═══ SUPPLIED INFORMATION

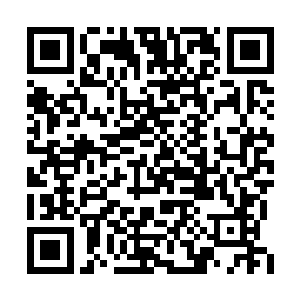 我不管那个叫里也的废物是从哪里弄来这东西的二维码生成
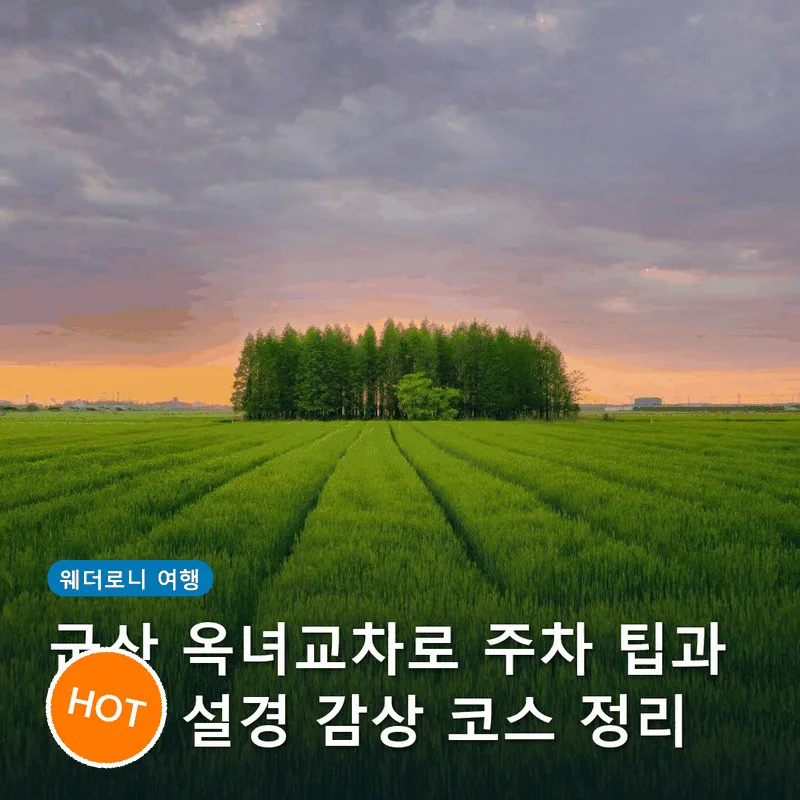 군산 옥녀교차로 주차 팁과 겨울 설경 감상 코스 정리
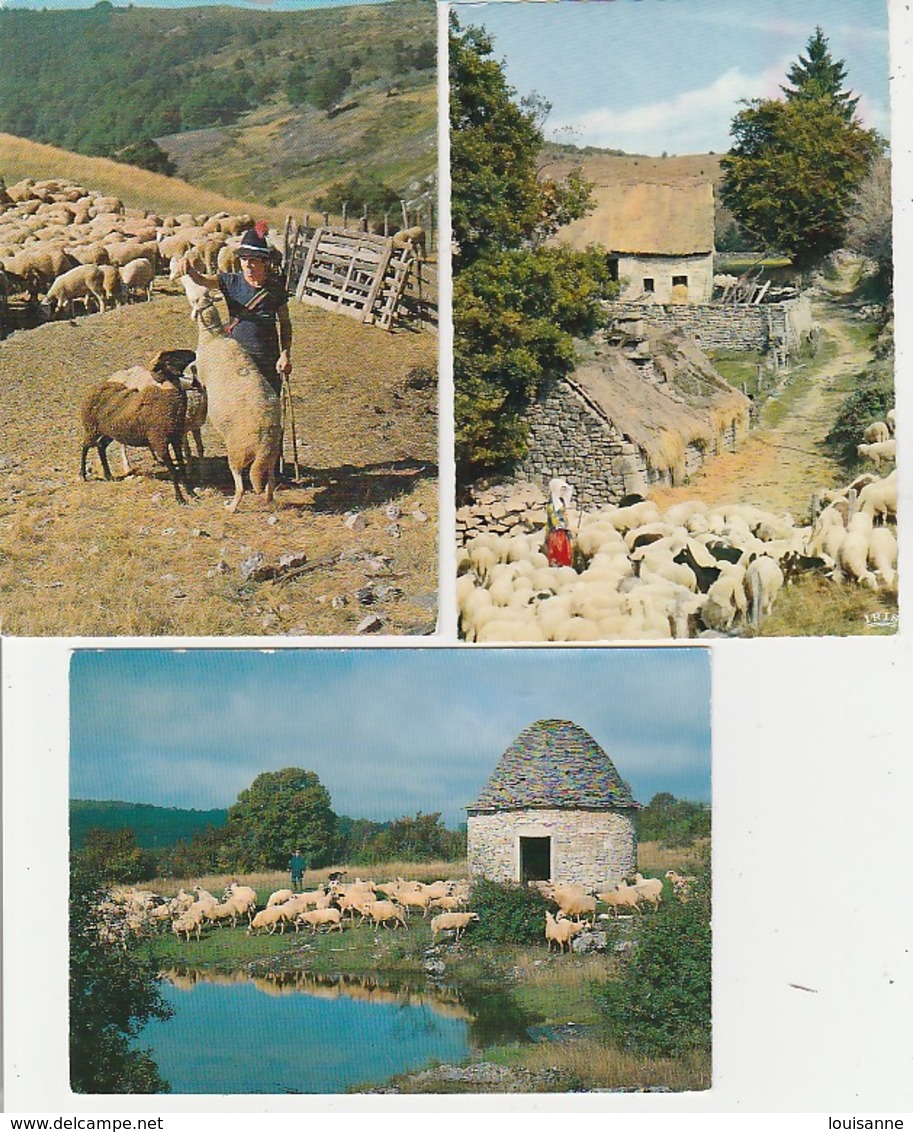 20/ 3 / 392  -  ELEVAGE  DES  MOUTONS  - LOT  DE  14. CPM - TOUTES SCANÉES - 5 - 99 Cartes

══════

== INSTRUCTIONS TO FOLLOW ==
Copy all the material exactly; omit images.

== TASK ANSWER ==
 我不管那个叫里也的废物是从哪里弄来这东西的二维码生成
 군산 옥녀교차로 주차 팁과 겨울 설경 감상 코스 정리
 20/ 3 / 392  -  ELEVAGE  DES  MOUTONS  - LOT  DE  14. CPM - TOUTES SCANÉES - 5 - 99 Cartes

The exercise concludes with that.